What is wanted is an exact copy of the lines from the top of the listing through the line containing "SHIELD DISTRESSED LOGO".
◆ ◆ ◆ ◆ ◆
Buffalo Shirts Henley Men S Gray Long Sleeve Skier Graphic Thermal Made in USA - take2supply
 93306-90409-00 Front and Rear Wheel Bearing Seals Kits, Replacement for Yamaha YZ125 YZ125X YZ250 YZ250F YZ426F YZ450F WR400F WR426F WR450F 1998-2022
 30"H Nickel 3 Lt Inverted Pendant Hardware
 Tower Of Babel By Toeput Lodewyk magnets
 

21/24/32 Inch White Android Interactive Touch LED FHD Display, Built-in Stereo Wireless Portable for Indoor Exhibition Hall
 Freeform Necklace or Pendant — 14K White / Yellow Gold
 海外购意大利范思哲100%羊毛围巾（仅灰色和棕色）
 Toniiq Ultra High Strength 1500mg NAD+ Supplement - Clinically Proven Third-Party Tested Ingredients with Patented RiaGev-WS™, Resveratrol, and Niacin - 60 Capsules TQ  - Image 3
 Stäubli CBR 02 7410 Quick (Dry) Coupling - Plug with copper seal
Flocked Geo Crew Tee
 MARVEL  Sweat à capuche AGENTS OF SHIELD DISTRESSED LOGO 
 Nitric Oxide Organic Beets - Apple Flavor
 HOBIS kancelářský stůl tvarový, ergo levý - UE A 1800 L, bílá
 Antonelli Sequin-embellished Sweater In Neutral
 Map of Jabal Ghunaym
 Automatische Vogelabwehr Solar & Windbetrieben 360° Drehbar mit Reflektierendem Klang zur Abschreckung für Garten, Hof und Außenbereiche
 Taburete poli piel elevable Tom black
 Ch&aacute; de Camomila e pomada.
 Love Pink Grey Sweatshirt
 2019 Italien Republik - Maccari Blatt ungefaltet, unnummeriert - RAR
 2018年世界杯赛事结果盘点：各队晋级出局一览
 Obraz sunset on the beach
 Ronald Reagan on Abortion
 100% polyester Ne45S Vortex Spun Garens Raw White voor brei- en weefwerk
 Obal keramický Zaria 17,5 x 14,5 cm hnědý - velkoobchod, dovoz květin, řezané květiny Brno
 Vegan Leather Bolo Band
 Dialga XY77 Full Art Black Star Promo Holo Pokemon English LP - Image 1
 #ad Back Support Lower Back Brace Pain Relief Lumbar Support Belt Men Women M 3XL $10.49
◆ ◆ ◆ ◆ ◆
### Solution below:
Buffalo Shirts Henley Men S Gray Long Sleeve Skier Graphic Thermal Made in USA - take2supply
 93306-90409-00 Front and Rear Wheel Bearing Seals Kits, Replacement for Yamaha YZ125 YZ125X YZ250 YZ250F YZ426F YZ450F WR400F WR426F WR450F 1998-2022
 30"H Nickel 3 Lt Inverted Pendant Hardware
 Tower Of Babel By Toeput Lodewyk magnets
 

21/24/32 Inch White Android Interactive Touch LED FHD Display, Built-in Stereo Wireless Portable for Indoor Exhibition Hall
 Freeform Necklace or Pendant — 14K White / Yellow Gold
 海外购意大利范思哲100%羊毛围巾（仅灰色和棕色）
 Toniiq Ultra High Strength 1500mg NAD+ Supplement - Clinically Proven Third-Party Tested Ingredients with Patented RiaGev-WS™, Resveratrol, and Niacin - 60 Capsules TQ  - Image 3
 Stäubli CBR 02 7410 Quick (Dry) Coupling - Plug with copper seal
Flocked Geo Crew Tee
 MARVEL  Sweat à capuche AGENTS OF SHIELD DISTRESSED LOGO 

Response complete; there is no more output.